I used to love watching my mother make sandwiches. She put just the right amount of peanut butter and jelly, egg salad or sandwich spread in the middle before the slices of bread pressed together and my lunch was ready. Before she placed it on the table she would cut it in half from the middle to one corner, turn the plate around and finish the job. Coming home from school for lunch brought me comfort, brought me sustenance, brought me my mother.

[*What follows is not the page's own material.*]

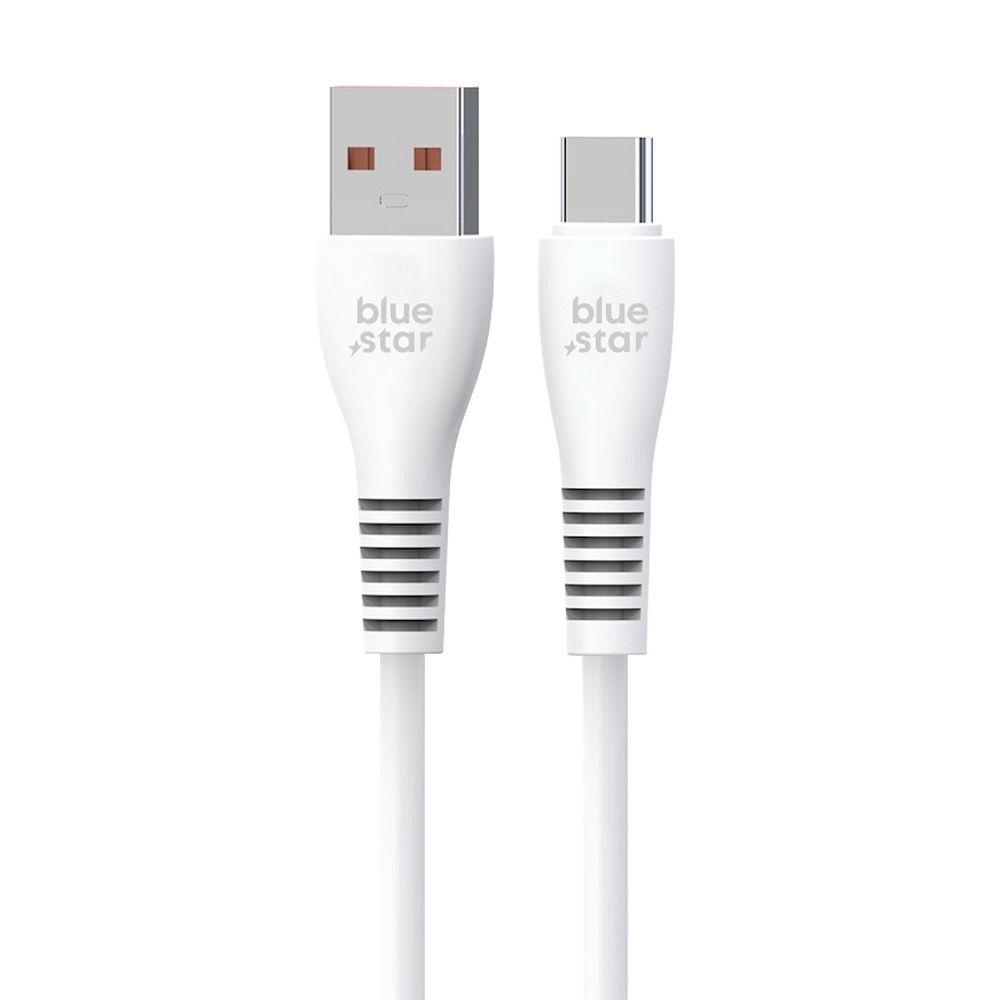 Cable Blue Star USB A a USB C, 2A, 1m, Blanco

Memories like that are precious to me now. The more common the better. Somehow it is those simple moments, those times with my mother and father, my sister, our family friends, all those simple events that make up a life. Those memories we worked so hard to create and to hold onto. Those memories now live with me but elude my mother. They have escaped her grasp and vanished into the depths of dementia. Daily I am aware of another piece of my past, another piece of my family that has disappeared and I grieve for the parts of my family that no longer exist.
At the other end of the day I work to create memories with my grandchildren, these most amazing children who live with us and enthrall me with their simple presence, their mere existence causes me to marvel at the wonders of the world, the universe, the miracle of their lives.
I live the sandwich. I am the peanut butter and jelly, the egg salad and sandwich spread. My mother is one slice of bread and my children and granchildren are the other. My husband rests somewhere in between, with me.